Dude, You Can’t Fail!

community adults with next generation

My e-mail inbox is peppered with requests from Jesuit advocates on a variety of issues, often asking for me to take action. Ignatian spirituality promotes “faith that does justice.” We are formed to be contemplatives in action. Our regular prayerful conversation with Christ and meditation on his life is the motivation for our action and opens our eyes to Christ’s presence in our daily activity. And yet so many times I find myself thinking, What’s the use?; Ugh, the deck is so stacked against this!; or shamefully, My little voice isn’t going to make any difference.

But what if we couldn’t fail? What if absolutely everything we fought for or worked to change, in service to the greater glory of God (AMDG), did indeed come to pass? What if it were guaranteed to come to pass, and your little action or your lifelong dedication is what ultimately made the difference?

In the Ignatian world, I think this is what faith is all about—having the voice of God in your ear whispering, “Dude, you can’t fail! I got your back!” and somehow knowing that whatever counter-cultural activity we are about to undertake in the name of justice or service to another, we aren’t alone. We have a power on our side that is beyond any human decks that could be stacked against us. We are not only going to be O.K., but we and the world will ultimately be better for the actions we take.
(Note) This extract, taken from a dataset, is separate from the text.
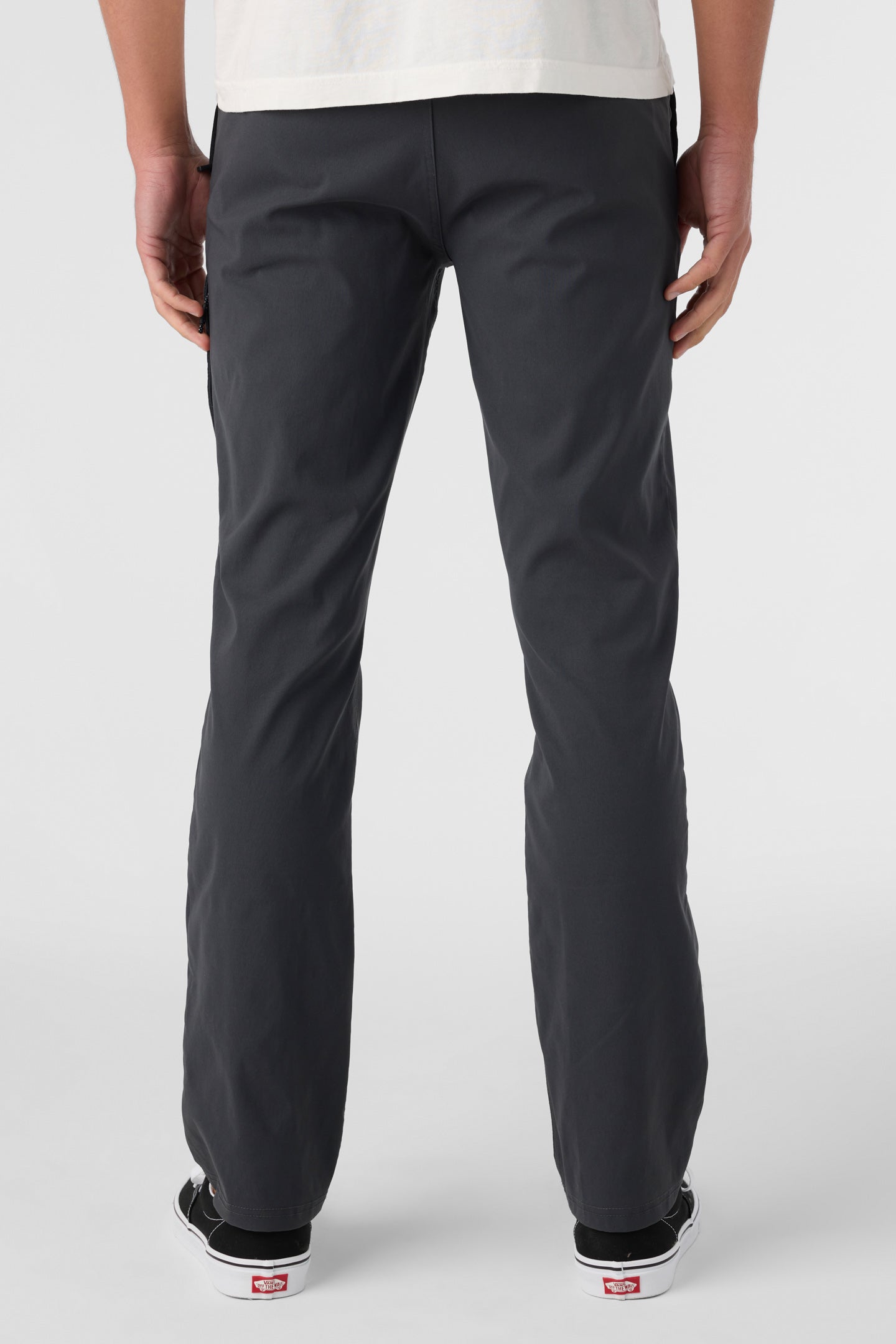 TRVLR ROAM STANDARD FIT PANTS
Not failing does not mean it won’t be hard or we will get our way, or even that we will succeed as the world defines success. To Rutilio Grande, SJ, Oscar Romero, the UCA martyrs, and more recently to the 26 pastoral workers who died just last year as a direct result of their witness to Christ, not failing still meant they made the ultimate sacrifice and lost their lives. But they didn’t fail. Far from it. The causes and people to which they dedicated their lives are now carried on and companioned by thousands more who are inspired and honored to follow in their footsteps.

Perhaps the next time you find yourself in the midst of discernment, and you recognize a fear of failure or your own insecurity to be the biggest obstacle in your path, listen for that Voice whispering in your ear: “Dude, you can’t fail. I got your back.” Chances are, if you truly believe that, there is nothing that could get in your way again.
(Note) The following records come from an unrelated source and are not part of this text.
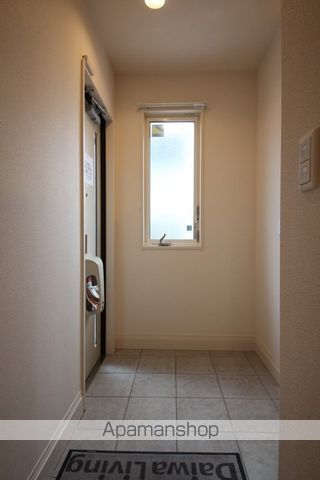 D House southの内装写真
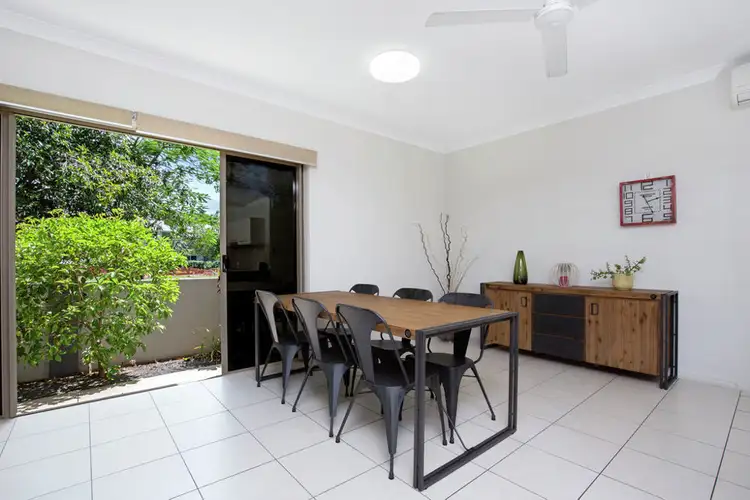 Seventh view of Homely unit listing, 1/2 Cannon Street, Manunda QLD 4870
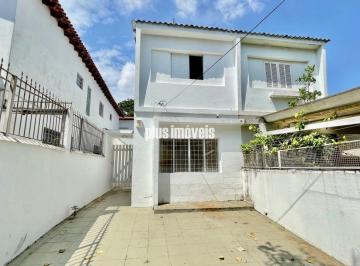 Casa · 96m² · 2 Quartos · 2 Vagas · SOBRADO MOEMA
About Lisa Kelly 39 Articles
Lisa Kelly is a wife, mother, and Ignatian Associate living in Omaha, Nebraska. She works to help organizations integrate spirituality into their planning and systems. She and her husband, Tom, completed the 19th Annotation in 2005, just prior to spending two years living in the Dominican Republic with their three young children, supporting the work of the Jesuit Institute for Latin American Concern. Additionally they have lived in El Salvador and Bolivia for extended periods.

9 Comments on Dude, You Can’t Fail!

  1. Lisa,
    This was a great little post. Thank you for taking to time to pen something this penetratingly good. Your post came at just the right time. The scripture readings today and this post are a great way to start the day.
    Thank you

  2. Very insightful. Posted on Twitter and you should have a way for us to post when we consider it to be of value in spiritual growth.

  3. Lisa, Thank You for your post. This is the 1st time I have visited this website and your sentiments struck a chord in my day I recognized but couldn’t identify. I look forward to integrating this website into my “Internet-Lifestyle”.

  4. So grateful for all the feedback and mostly to Loyola Press for sharing all the great blogs every day here without fail! And Sue, I agree, it would be “Dudette” as well, though my Voice knows I respond to many personal salutations including “Lady!” “Babe” “Man” or the ever gender neutral “Hey You!”

  5. This heartened me. I’m involved in advocating for social protection and justice for an almost invisible community.There is no clear perspective of success and no time frame. I am often very tired and sometimes tempted to abandon the attempt. Then I remember why we are doing this – because it is the right and reasonable thing to do. Because injustice must be defined and if we do not do it I do not know who will. Your writing reminded me we are not alone.